▶ [Given records]:

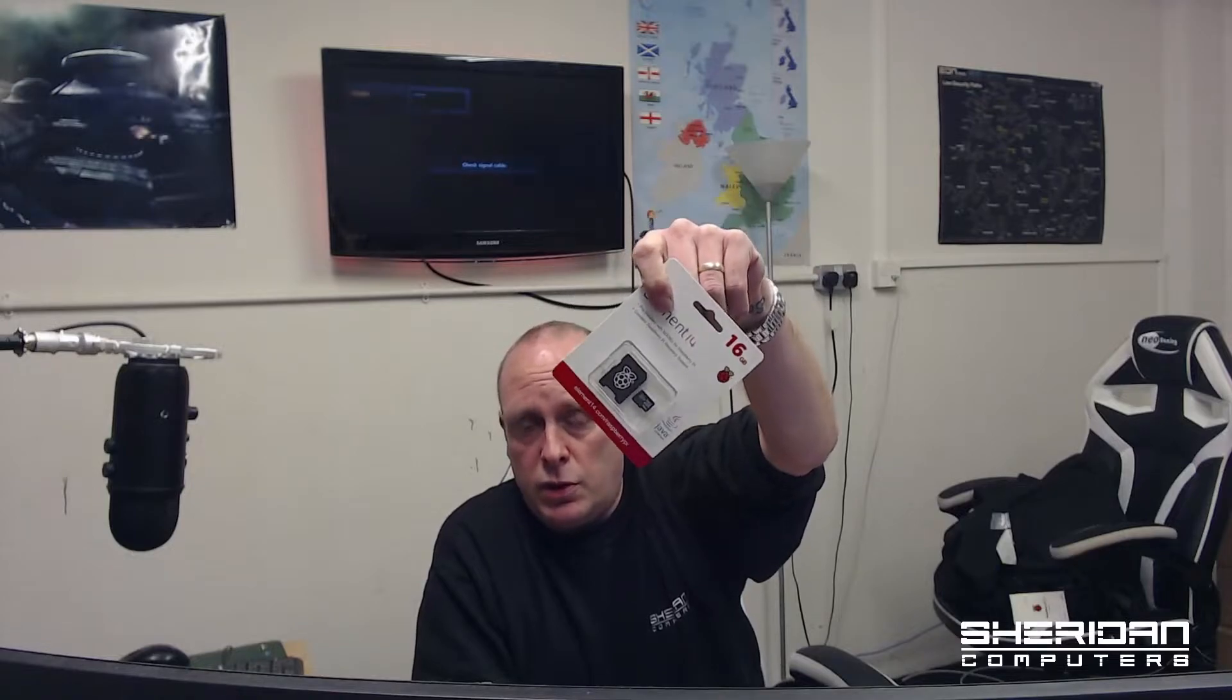Once you've done that, you can unplug the card and you won't need it again. But you can use it to program other Raspberry Pis. I'm Sam from Sheridan Computers and I'm going to show you how to get it to boot.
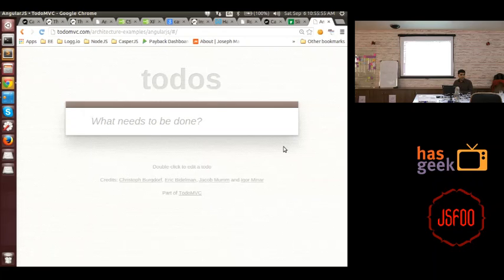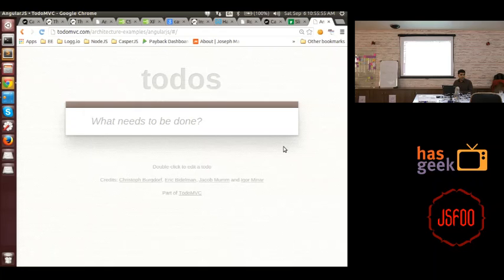Let me show you what CasperJS is. On the CasperJS homepage it says: 'a navigation scripting and testing utility for Phantom and Slimer.' Features include: navigating, clicking buttons and links, filling text boxes, selecting radio buttons, submitting forms, uploading files, taking screenshots of a page. It can also download resources and is useful for writing functional test suites and web scraping.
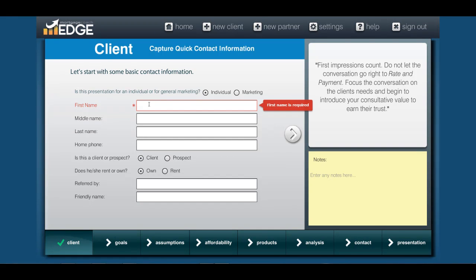Hey Mortgage Coaches, this is Jacob with Mortgage Coach Support. Today's video is to show you how to put together the 'Skip the Bagel' presentation, where you reinvest $150 a month and you can see the immediate difference. So I'm going to go ahead and show you how to do it.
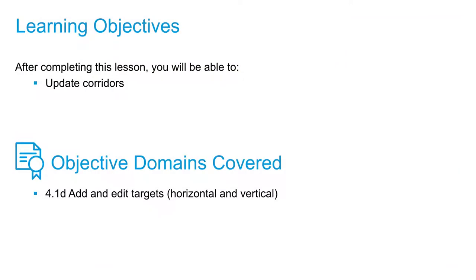In this video, we're going to further refine our corridor by assigning our targets and by setting the frequency of our assemblies inside of our corridor.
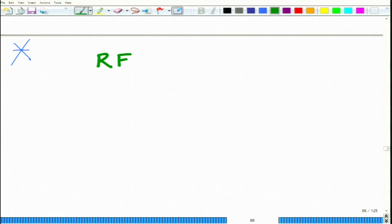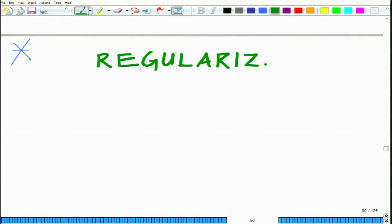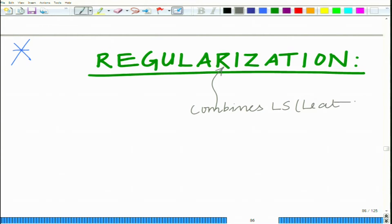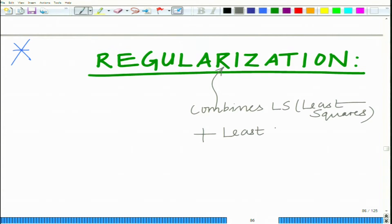We want to look at an interesting generalization of the least squares and the least norm framework, termed as regularization. What regularization does is it combines the least squares (LS) plus the least norm (LN) frameworks.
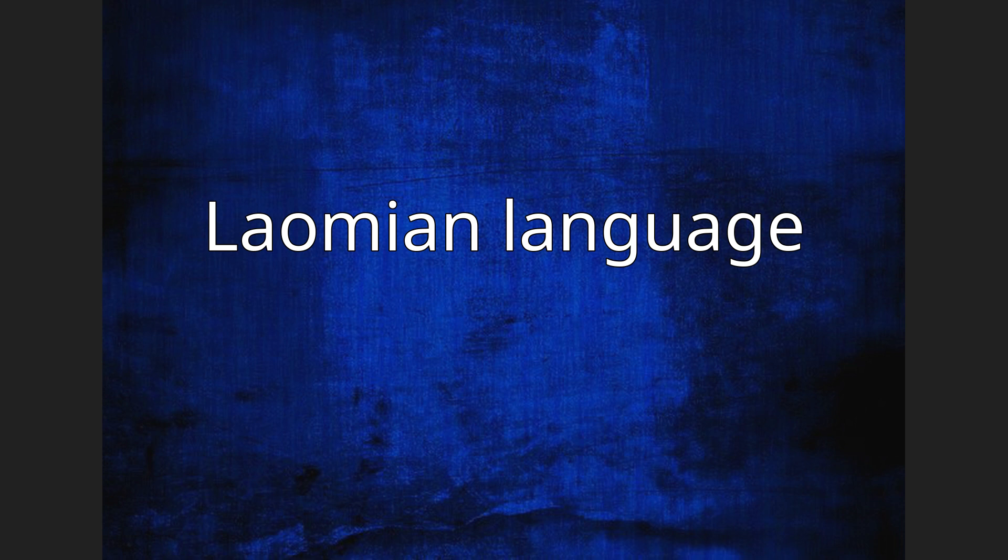Laomian language, also known as Bissu Guba or Lame, is a Sino-Tibetan language. The name Laomian is a Chinese derivation of the Lahu name Lame.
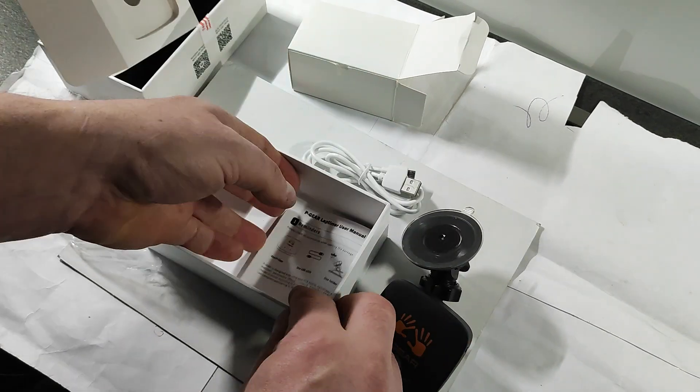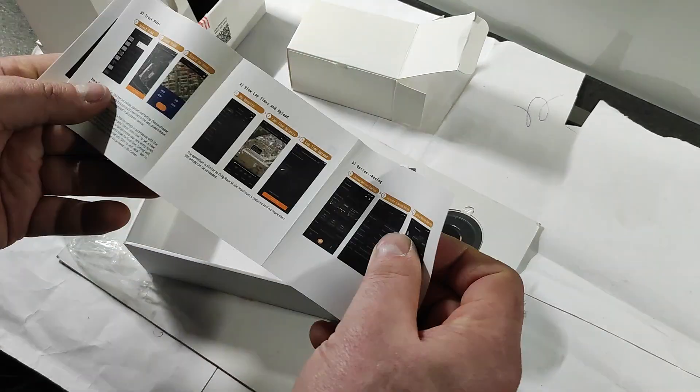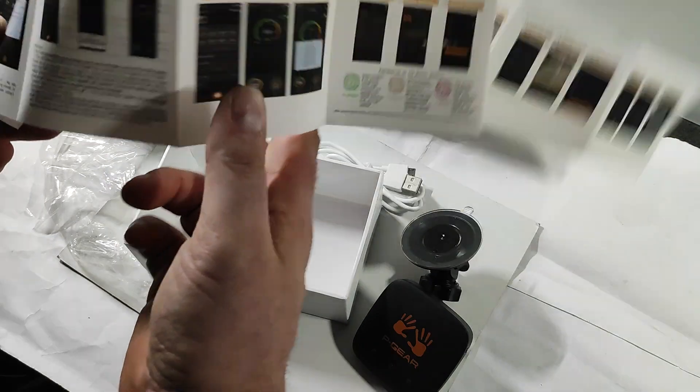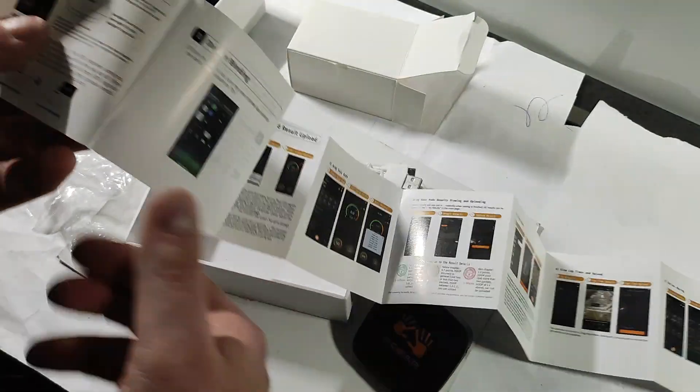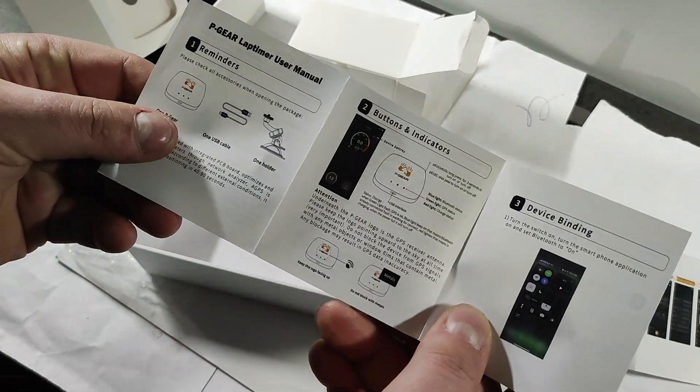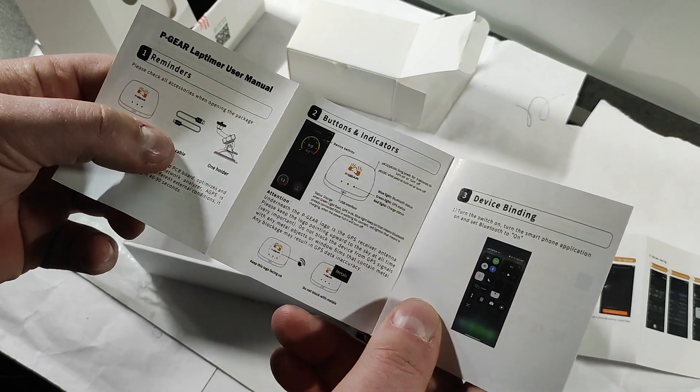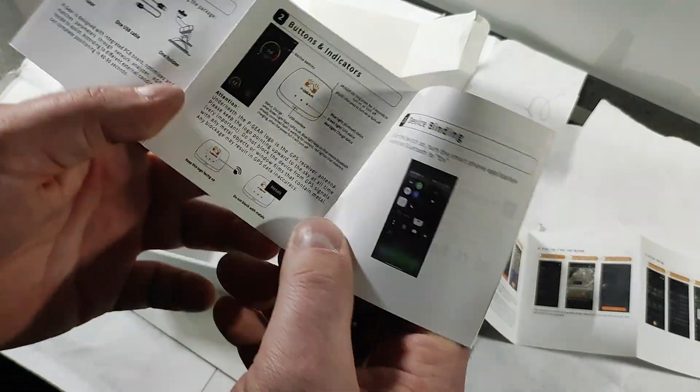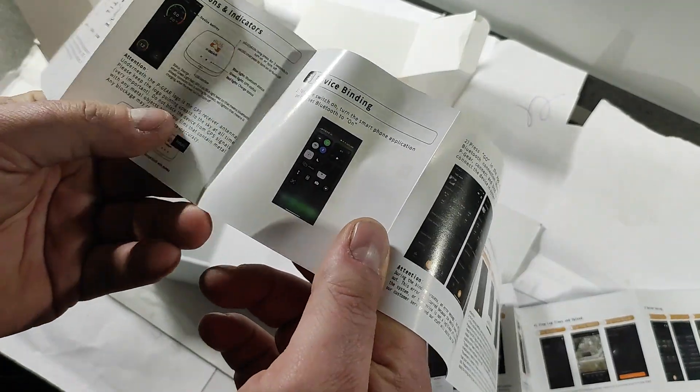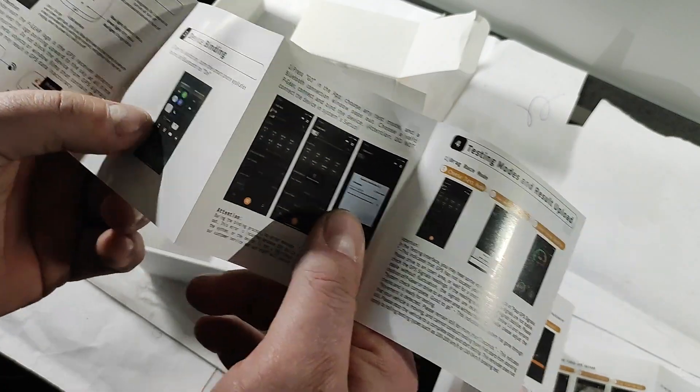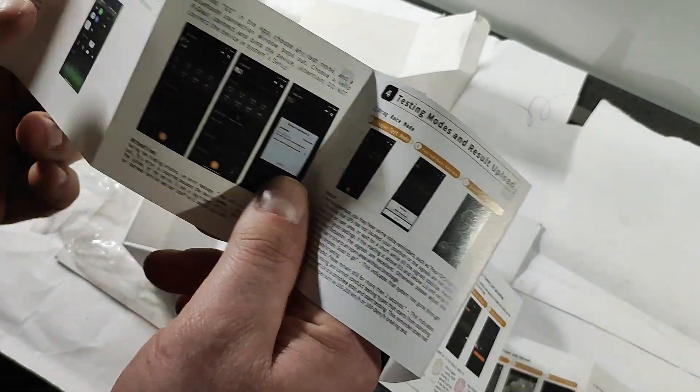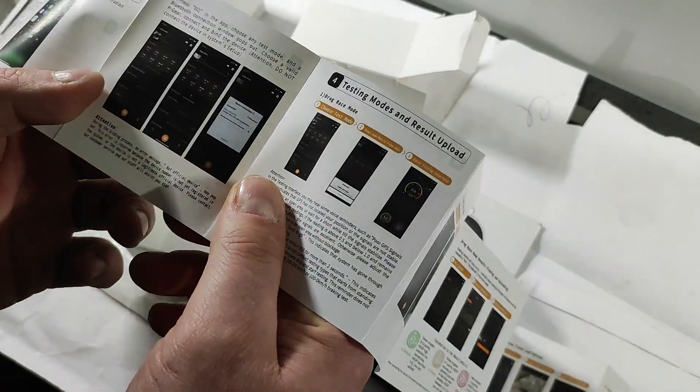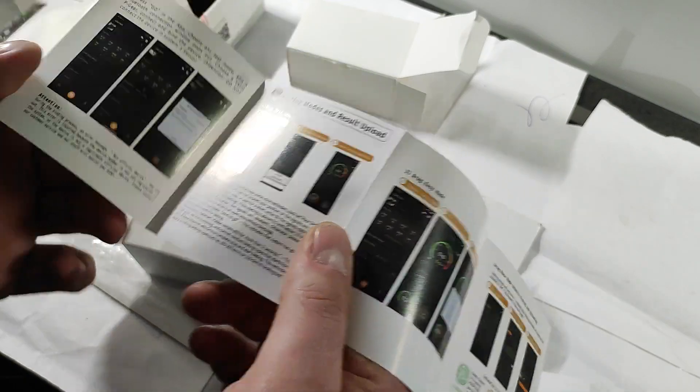There's a small quick installation booklet showing you how it's set up, the buttons, LED functions, and how you connect it via Bluetooth to your smartphone. Of course, you have to download the app for that.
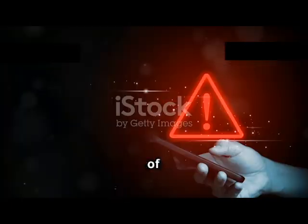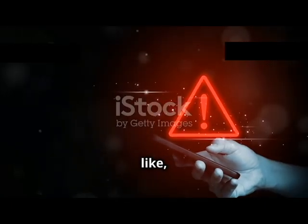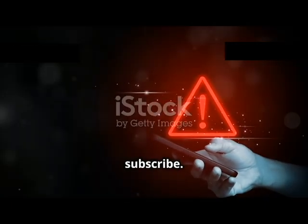If you're interested in beefing up your security or just want to stay on top of the latest in tech, don't forget to like, share, and subscribe.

▶ [Task requirements]:
The result should be an exact copy of only the lines above from the one that holds "In this video, we're" through the one that holds "We want to look", both ends included, without pictures.

▶ [Answer section]:
In this video, we're going to further refine our corridor by assigning our targets and by setting the frequency of our assemblies inside of our corridor.
We want to look at an interesting generalization of the least squares and the least norm framework, termed as regularization. What regularization does is it combines the least squares (LS) plus the least norm (LN) frameworks.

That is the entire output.